> _Supplied material_
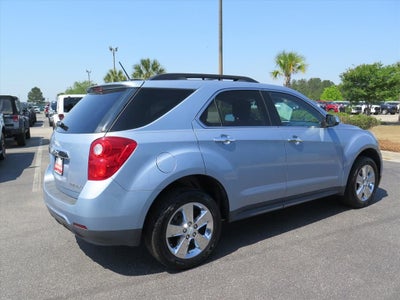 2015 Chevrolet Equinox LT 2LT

==

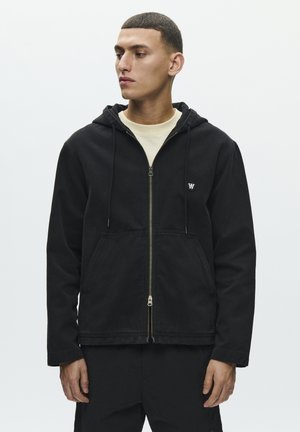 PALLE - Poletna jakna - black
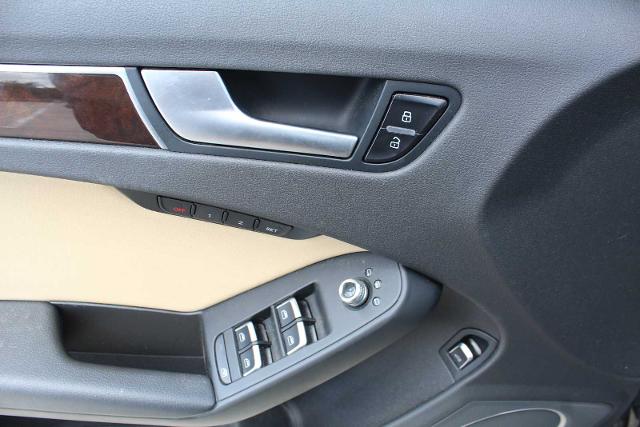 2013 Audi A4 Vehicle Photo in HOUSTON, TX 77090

--

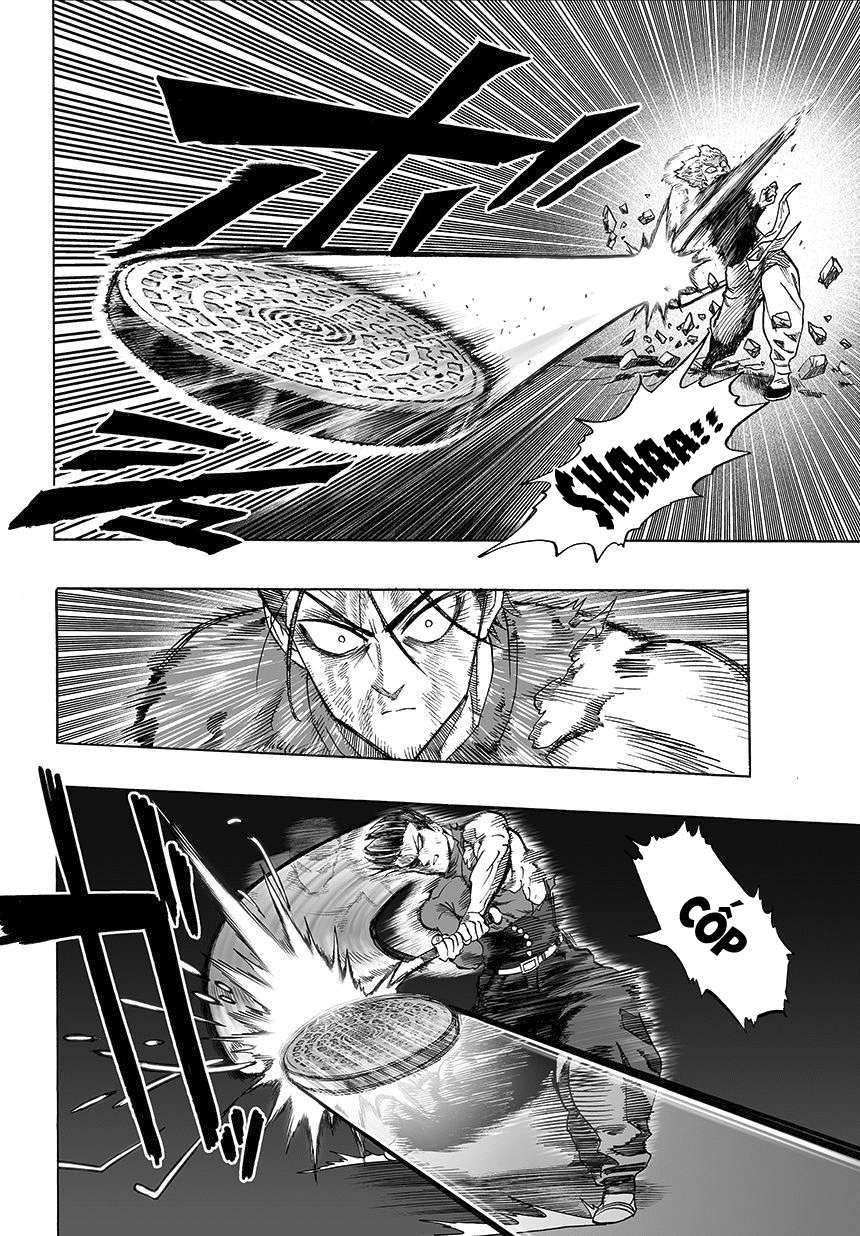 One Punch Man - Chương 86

> _About this exercise_
Starting from the line with "PALLE - Poletna jakna - black" in the records above, repeat each line exactly until you have written the line with "2013 Audi A4", then stop; drop the pictures.

> _The answer_
 PALLE - Poletna jakna - black
 2013 Audi A4 Vehicle Photo in HOUSTON, TX 77090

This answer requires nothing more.